Mr Turnbull was asked about One Nation while on the campaign trail in South Australia on Saturday.

Mr Turnbull was asked about One Nation while on the campaign trail in South Australia on Saturday. Photo: AAP

Prime Minister Malcolm Turnbull will leave the “commentary to the commentators” when it comes to the fracas within One Nation.

In South Australia on Saturday where he joined Liberal candidate Georgina Downer for the July 28 Mayo byelection, Mr Turnbull refused to weigh in on whether the coalition would snap up ousted One Nation senator Brian Burston as they had former Jacquie Lambie Network senator Steve Martin.

“We work hard under the leadership of Mathias Cormann in the Senate to persuade everybody, regardless of which party they are in, to support our measures,” Mr Turnbull said.

One Nation’s Brian Burston is refusing to quit his Senate seat, undercutting Pauline Hanson’s power base unless she can force him out.

Senator Hanson sent her long-time supporter a letter on Friday demanding he resign from the Senate to allow her to pick a replacement.

“I no longer have confidence in in you as an officer of Pauline Hanson’s One Nation party,” Senator Hanson’s letter said.

Mr Turnbull, clad in his leather jacket and mindful of the approaching byelection, announced $10 million in funding for Adelaide’s Mount Barker Mountain Pool.

“Why can we deliver the funding for this pool?” Mr Turnbull asked.

“We can deliver it because we have brought the budget back under control.”

Ms Downer, the daughter of a former Howard government minister, has worked as a lawyer, diplomat and research fellow at a conservative think-tank.

“She is a local. She learnt to swim in this pool. Her roots are in this electorate, in this community,” Mr Turnbull said.

“Georgina is presenting herself as an advocate, as a powerful advocate but one who can work within the government.”

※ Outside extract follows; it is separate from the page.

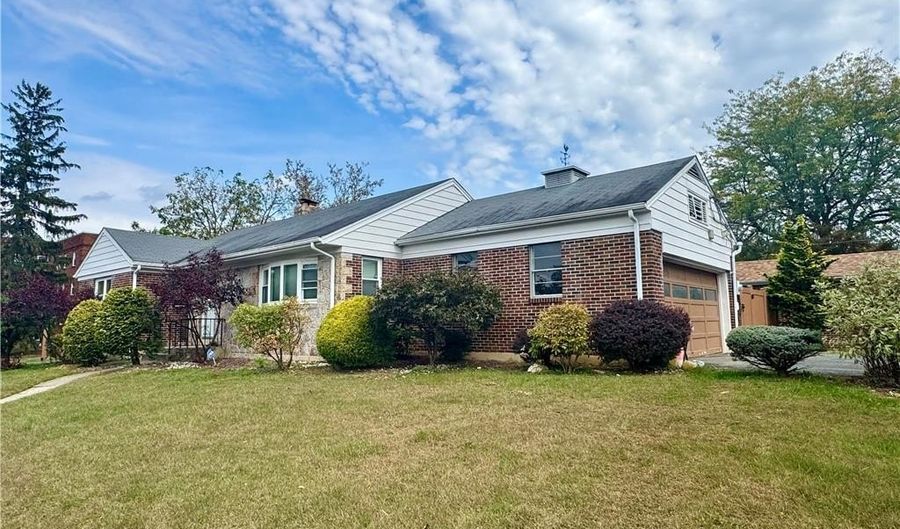 2150 W Livingston St, Allentown, PA 18104 - 2 Beds, 2 Bath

Burston says he won’t resign

Meanwhile, Senator Burston is refusing to go, which means Senator Hanson’s crucial three-vote bloc in the upper house is cut to two, vastly undercutting her influence.

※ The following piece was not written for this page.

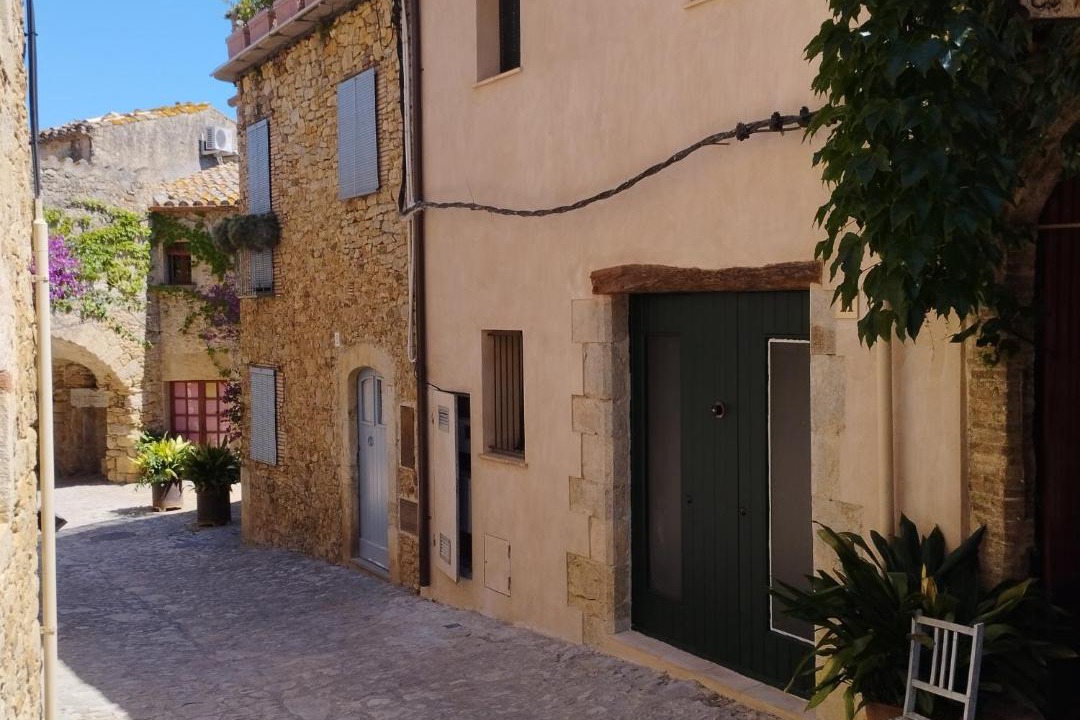 Photo of Buildings in Peratallada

“I will not be resigning from One Nation and I most certainly will not ever be resigning from my senate position,” Senator Burston told 2GB radio on Friday.

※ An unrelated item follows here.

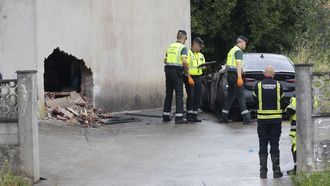 El veh�culo sali� rebotado tras impactar contra la pared de la casa, a la altura del sal�n.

Liberal Democrat senator David Leyonhjelm confirmed he had talked to Senator Burston after Friday’s fracas.

“He’s determined not to resign… But he will be voting independently from One Nation,” Senator Leyonhjelm told AAP.

The crisis started when Senator Burston publicly revealed his plans to vote for the government’s company tax cuts, after Senator Hanson reneged on a deal to back them.

An intermediary also spent two weeks trying to set up a meeting with the Shooters, Fishers and Farmers party in NSW so Senator Burston could defect.

The party didn’t want him – but Senator Burston claims he wasn’t aware of the approach.

Queensland Liberal senator Amanda Stoker said it was to Senator Burston’s credit that he wasn’t “flip-flopping according to the whims and needs” of One Nation’s electoral prospects.

But Senator Hanson needed to re-evaluate her management style.

“There comes a point where you say, ‘after 20 or so people have come and gone from my partyroom, maybe it’s me’,” Senator Stoker told the ABC.

Twenty one people have either quit parliament, the party, been disqualified or expelled from One Nation while in parliament.